Daughters and Sons
- First edition
- Author: Ivy Compton-Burnett
- Language: English
- Genre: Novel
- Publisher: Victor Gollancz
- Publication date: 1937
- Publication place: United Kingdom
- Media type: Print
- Pages: 320

= Daughters and Sons =

1937 novel by Ivy Compton-Burnett

Daughters and Sons is a 1937 novel by the English novelist Ivy Compton-Burnett. Written in the author's characteristic dialogue-heavy style, the novel explores the power struggles within a large family household, presided over by its tyrannical matriarch, Sabine Ponsonby, and her imperious daughter Hetta.

==Plot==
The daughters and sons of the novel's title form an extended family who live together in a large house owned by the family matriarch, the 85-year-old Sabine Ponsonby. Her son, John, a widower, is a well-known but struggling novelist who is unable to bring in enough income to support his large family: Clare, 25, France, 24, Chilton, 18, Victor, 17 and Muriel, 12. John's unmarried sister, Hetta, runs the household and while ostensibly acting as John's assistant in fact controls him. The younger members of the family, having no independent means of their own, suffer under the crushing and manipulative rule of their grandmother Sabine and their aunt Hetta.

Unknown to her father, France has written a novel which has been accepted for publication.

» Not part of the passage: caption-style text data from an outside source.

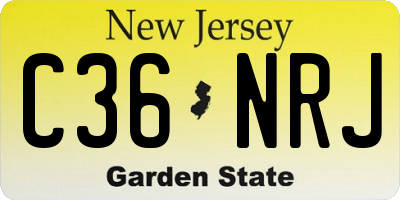 NJ license plate C36NRJ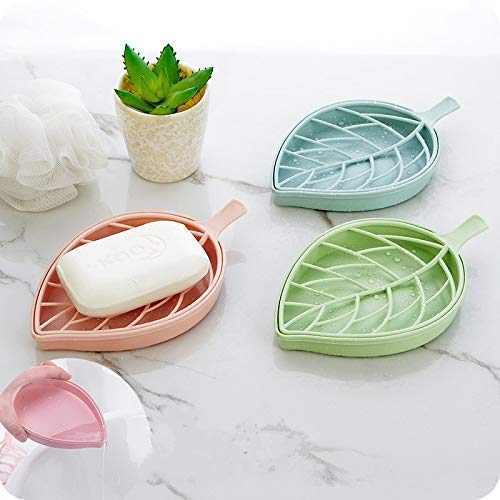 Raghuvir (Pack of 3) Latest Branded Leaf Shape Soap Dish Plastic Portable & Double Layer Drain Storage Holder Container Not Punched Easy Clean Dish Shelf Bath Box for Bathroom Sink (Multi Color) (B0B8P3SWP7) Amazon Price History, Amazon Price Tracker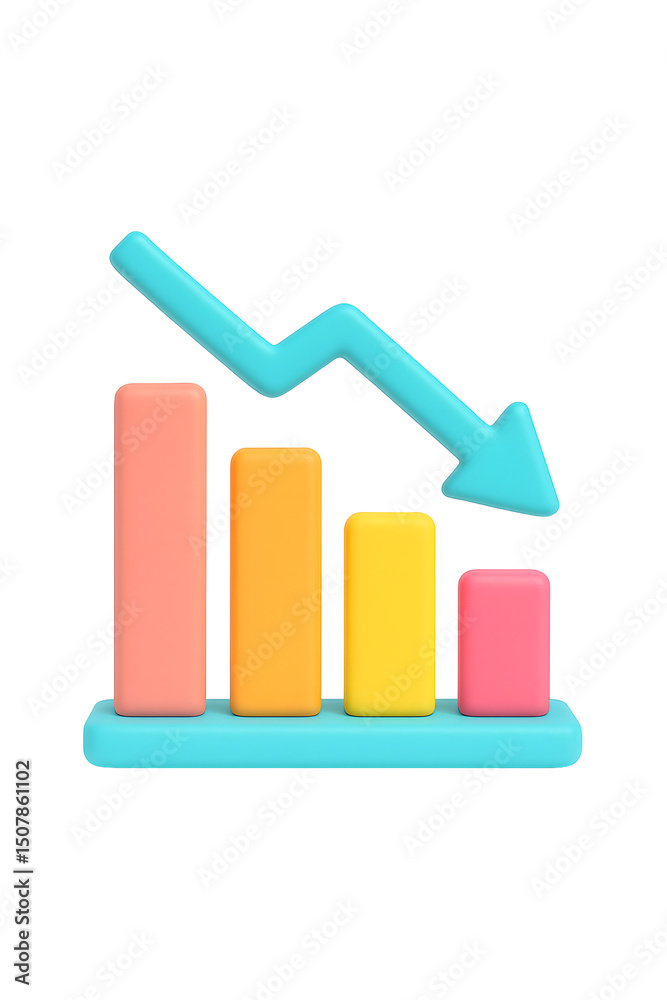 Leinwandbilder abstract geometric chart with multicolored bars and a downward pointing arrow, representing a declin
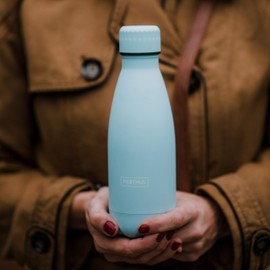 Nerthus FIH 712 Pastel Blue 18/8 Stainless Steel Double Wall Thermos Flask for Cold and Hot Drinks, BPA Free, 350 ml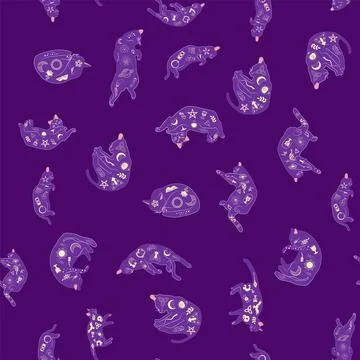 Mystical seamless pattern of cats in boho style, silhouette collection. Wit.. 스톡 일러스트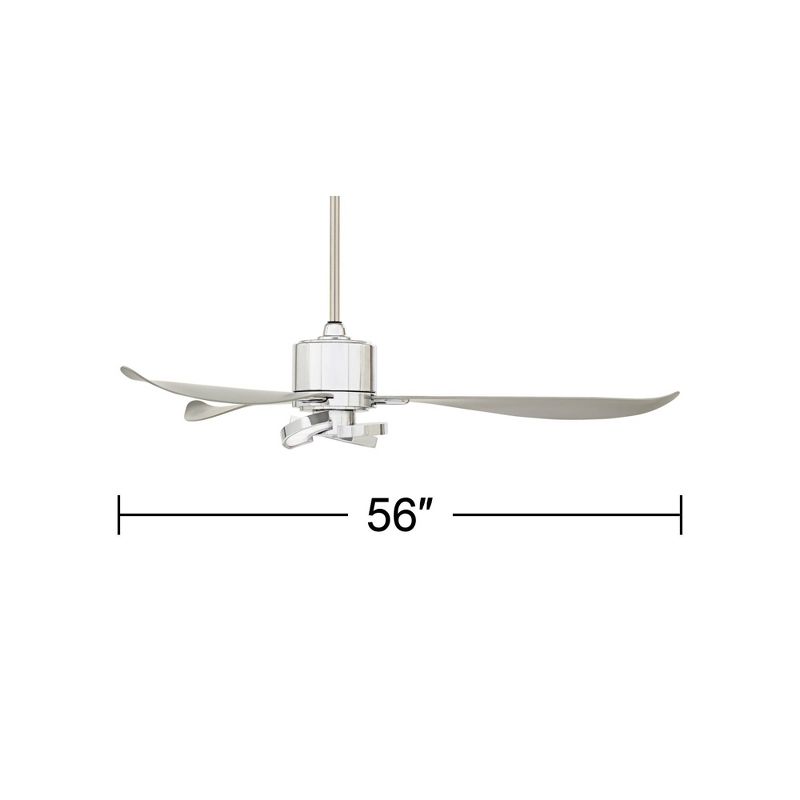 56" Possini Euro Design Vengeance Modern Indoor Ceiling Fan with LED Light Remote Control Chrome White Diffuser for Living Room Kitchen House Bedroom, 4 of 11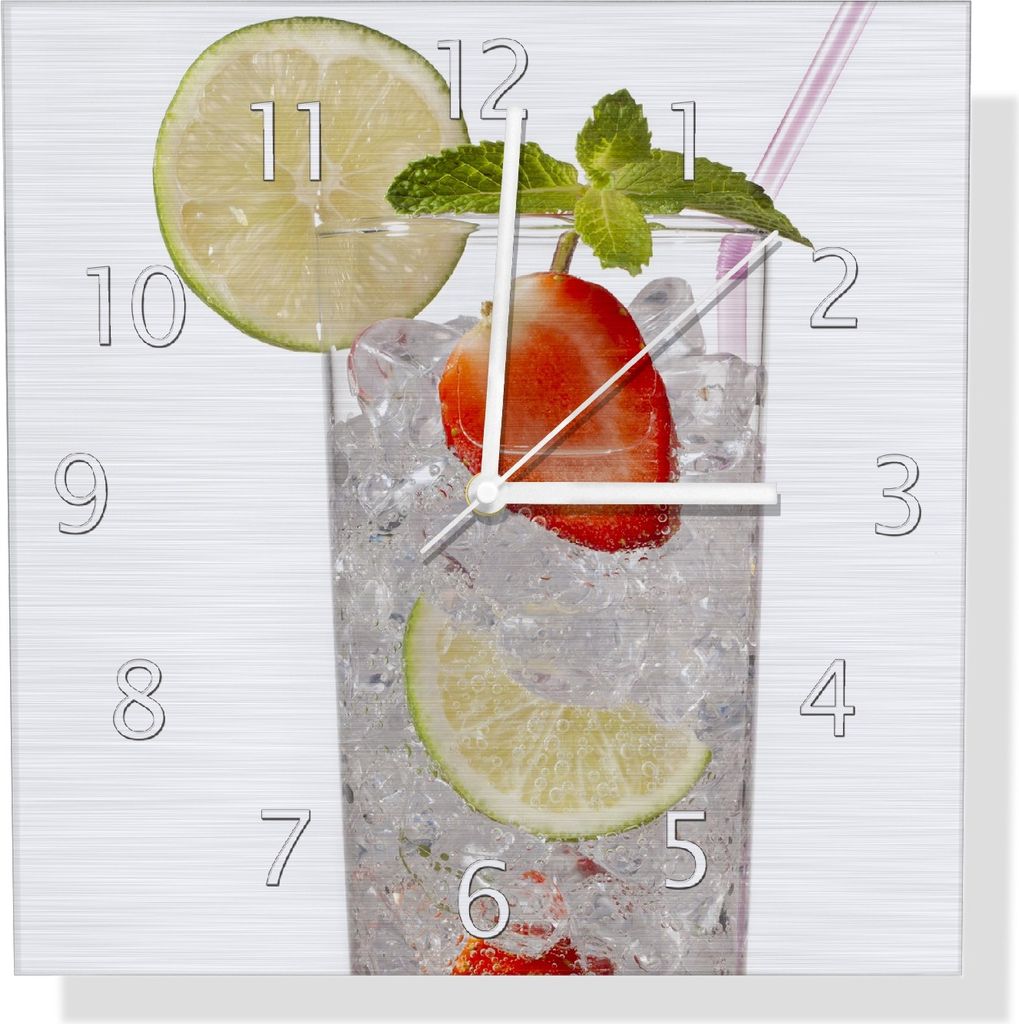 Wallario Design Wanduhr Glas Wasser mit Erdbeeren aus Aluverbund, Größe 30 x 30 cm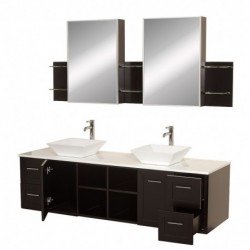 72 inch Double Bathroom Vanity in Espresso, White Man-Made Stone Countertop, Pyra White Porcelain Sinks, and Medicine Cabinets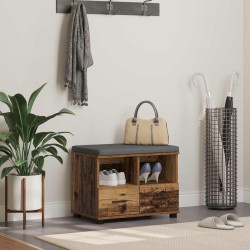 Előtér pad öreg fa 60 x 38 x 46 cm fűrészpor és kárpit anyag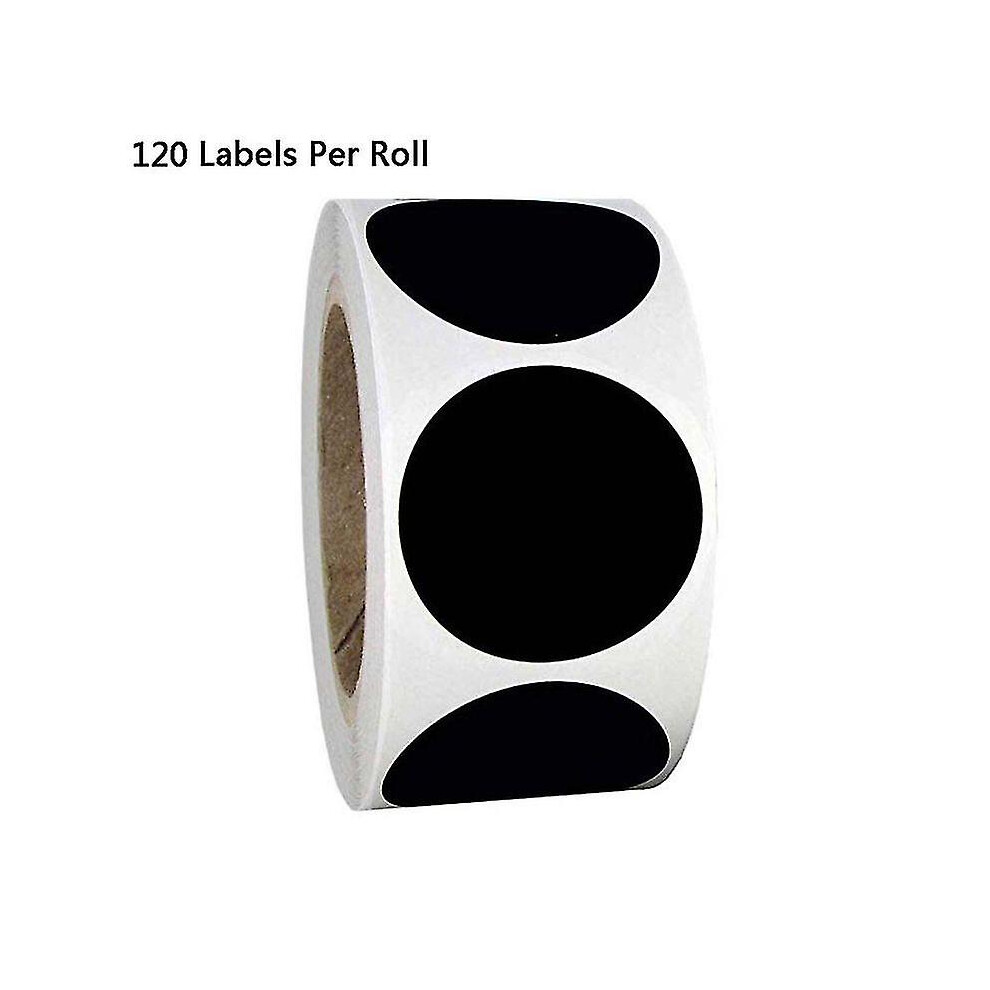 Qian 120pcs/roll Blank Label Round Chalkboard Sticker Kitchen Pantry Labels For Canning Mason Spice Jars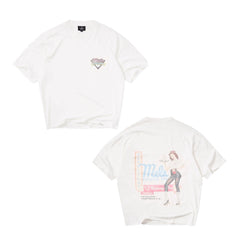 Represent Vintage Washed Off White Mels Drive-In Hollywood Retro Diner Pin-Up Girl Double Sided Print Chest Pocket T-Shirt Heavyweight Oversized American Vintage Streetwear Tee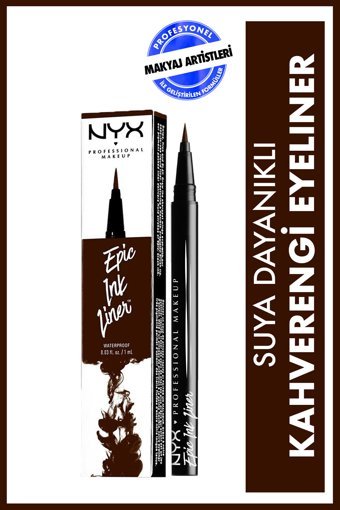 Nyx Epic Suya Dayanıklı Mat Kahverengi İnce Uçlu Kalem Eyeliner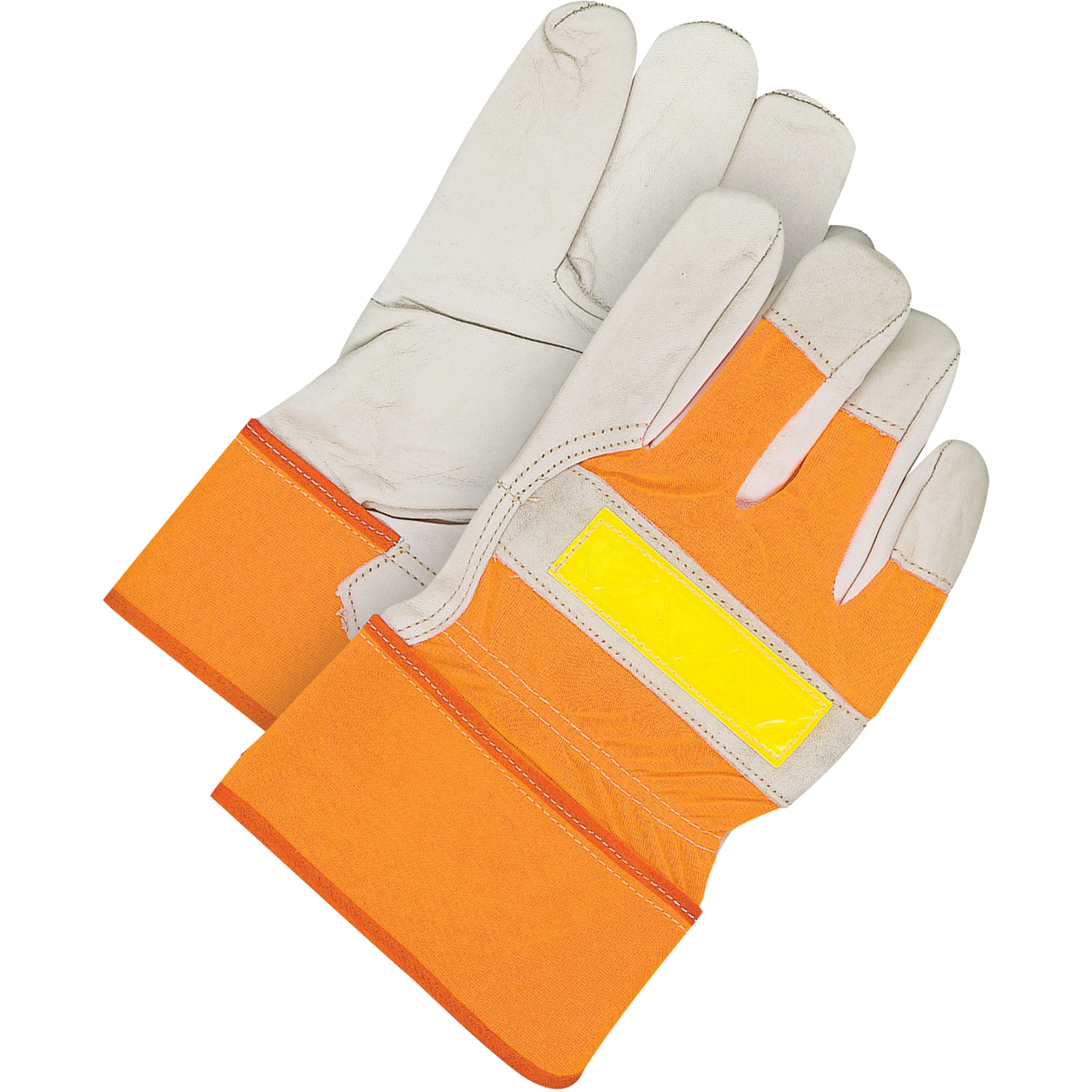 Gants d'ajusteur classiques haute visibilité, Taille unique, Paume en Cuir fleur de vache, Doublure en Molleton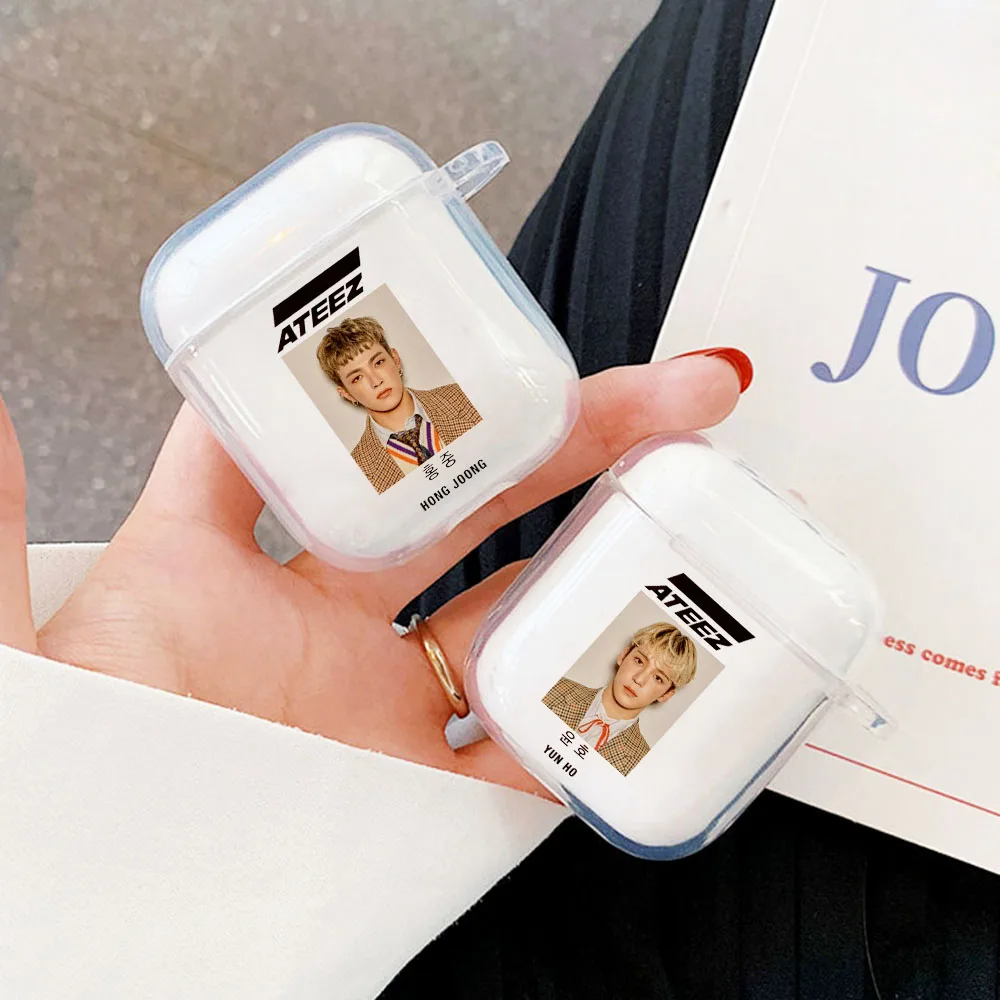 cute ATEEZ HongJoong SeongHWA Earphone Case for Aipods 1 2 Soft Cover Blutooth Airpods Rubber cartoon couple | Электроника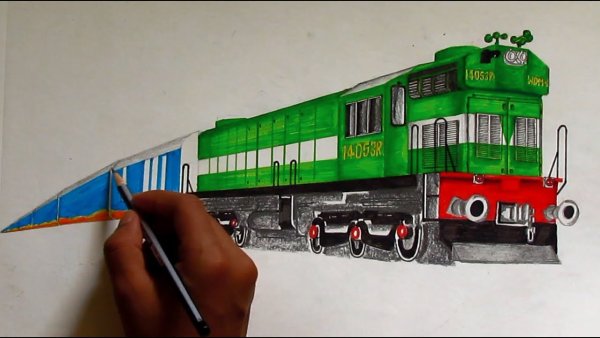 Видео как нарисовать поезд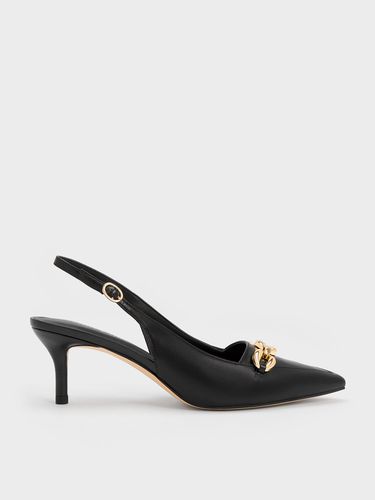 Charles & Keith - Avani Chunky Chain-Embellished Slingback Pumps - Charles & Keith - Modalova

In order to avoid publishing under the same surname as her father, she has agreed with Muriel's new governess, Miss Hallam, that she should publish under her name, and that Miss Hallam will deal with the publisher's correspondence. France's novel is unexpectedly successful and wins a prize, allowing France to help her father financially. To avoid competing with and embarrassing him, she sends him a cheque from an anonymous 'grateful reader'. Sabine, meanwhile, has covertly been opening Miss Hallam's private correspondence, and she reads a letter from France's publisher. Believing that it is the governess who has won the prize, and that her literary talents will generate additional family income, she persuades her son to propose marriage. He is accepted, and the pair are married before the mistake is uncovered.

Hetta is horrified by Edith's new role within the family, partly because of the impact on her own position and partly because she knows that Edith did not write the book and cannot contribute financially. One morning, Hetta does not appear at breakfast. She has disappeared, leaving a suicide note. Extensive searches during the day fail to find her, and the family start to come to terms with the fact that they will not see her again. During breakfast the next morning, however, the door suddenly opens and Hetta's voice says, "Well, have you all had a lesson?"

The climax of the novel is a disastrous dinner party during which Hetta loses control and announces to the company that Edith has become John's wife only through deceit. Her speech appals the family, and Sabine, affected the most, dies on the spot without saying a word. Dr Chaucer, a family friend, pities and admires Hetta, however, and proposes marriage. Hetta departs to live with him. The novel closes as John Ponsonby, with his wife Edith by his side, at last becomes the head of his own household.

==Principal characters==
- Sabine Ponsonby, 85, family matriarch
- John Ponsonby, widower, Sabine's son
- Henrietta (Hetta) Ponsonby, 48, Sabine's unmarried daughter
- Clare Ponsonby, 25, John's daughter
- France Ponsonby, 24, John's daughter
- Chilton Ponsonby, 18, John's son
- Victor Ponsonby, 17, John's son
- Muriel Ponsonby, 12, John's daughter
- Miss Bunyan, first governess to Muriel
- Dr Chaucer, family friend and uncle to Miss Bunyan
- Edith Hallam, second governess to Muriel; marries John Ponsonby
- Miss Blake, third governess to Muriel
- Charity Marcon, 57, unmarried family friend
- Stephen Marcon, 57, Charity's twin
- Alfred Marcon, Charity and Stephen's nephew
- Jane Seymour, unmarried family friend
- Sir Roland Seymour, 56, widower
- Evelyn Seymour, 34, Sir Roland's son

==Critical reception==
Speaking of the novels as a whole, and of this one in particular, Alison Light in her book Forever England suggests that Compton-Burnett's fiction is a place where family ties subject us to the wills of others, and where we learn our first lessons in submission or tyranny. She notes that the novels offer us the family as an anatomy of authoritarianism. "Power without check, the power of adults to abuse children, husbands and wives to terrorise each other, of elders and betters to destroy rather than to protect the younger and weaker – it is a journey into the heart of darkness ... every bit as terrifying as Conrad's.

Virginia Woolf took Compton-Burnett seriously as a highbrow rival, and she recorded in her diary the sleepless nights occasioned by the favourable reviews received by Daughters and Sons compared with the less good reviews for her own 1937 novel The Years.